[GIVEN INFORMATION]
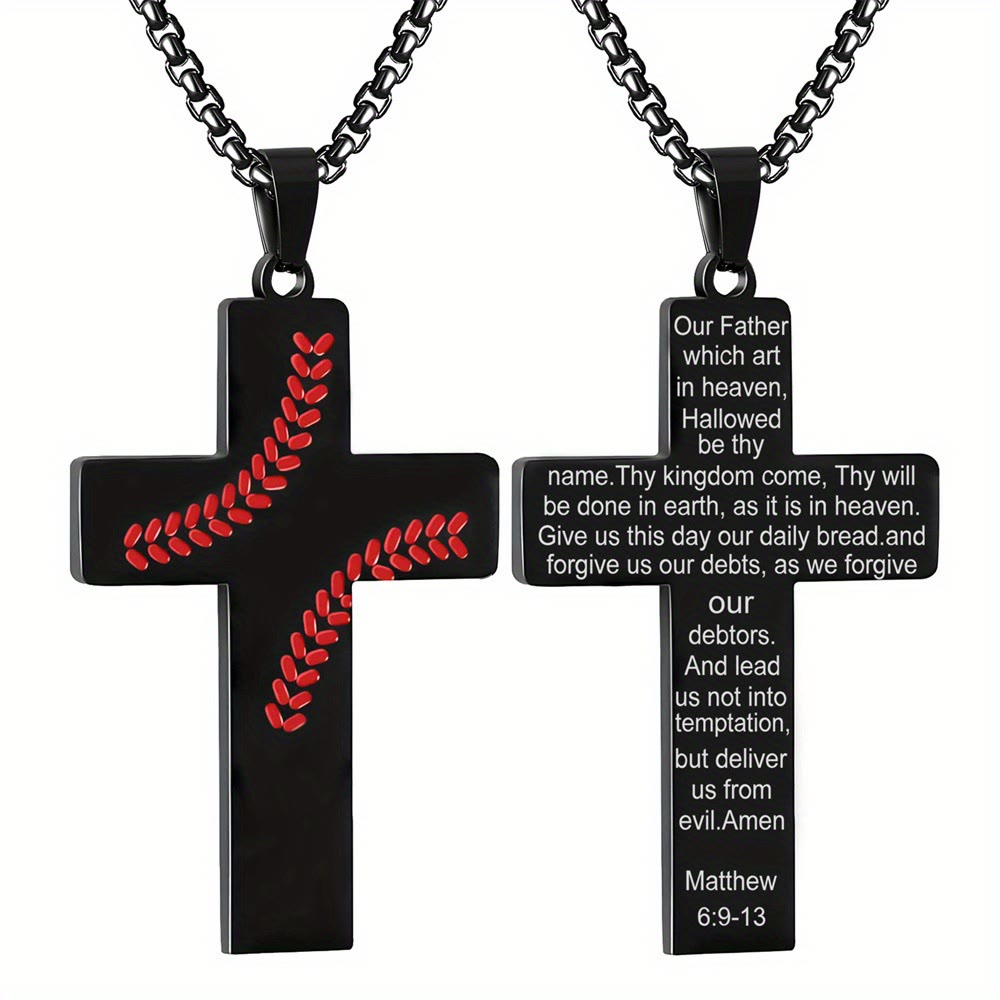 Collar de Cruz con Costura de Béisbol: Devoción Atlética y Frase Inspiradora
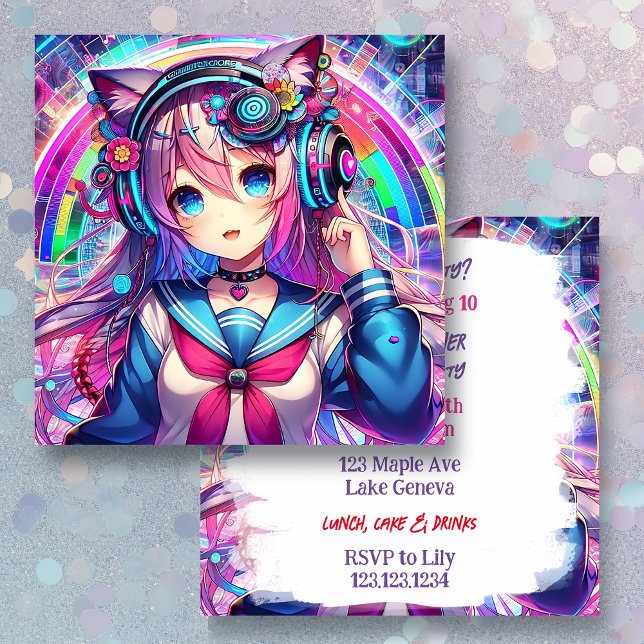 Convite Festa de aniversário de Trabalho de arte de Animaç (Criador carregado)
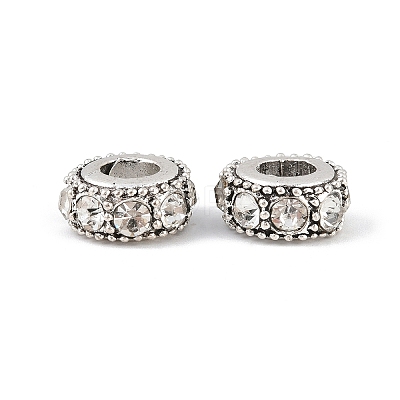 Flat Round Antique Silver Plated Alloy Rhinestone European Beads ALRI-Q228-10H-1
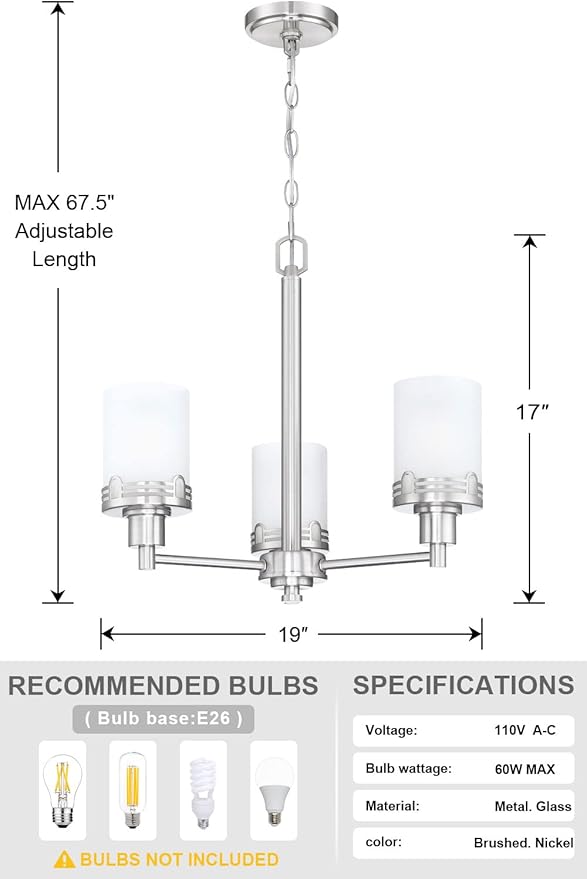 Doraimi Lighting 3 Light Fashion Kitchen Island Frosted Glass Shade+Hollow Metal Shade Chandelier Light Fixture,Brushed Nickel Finish Dining Room Living Room Corridor Bedroom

[WORK TASK] In the material above, retype exactly the lines that run from the one containing "Convite Festa de" through the last line, and keep out the pictures.

[COMPLETED TASK]
 Convite Festa de aniversário de Trabalho de arte de Animaç (Criador carregado)
 Flat Round Antique Silver Plated Alloy Rhinestone European Beads ALRI-Q228-10H-1
 Doraimi Lighting 3 Light Fashion Kitchen Island Frosted Glass Shade+Hollow Metal Shade Chandelier Light Fixture,Brushed Nickel Finish Dining Room Living Room Corridor Bedroom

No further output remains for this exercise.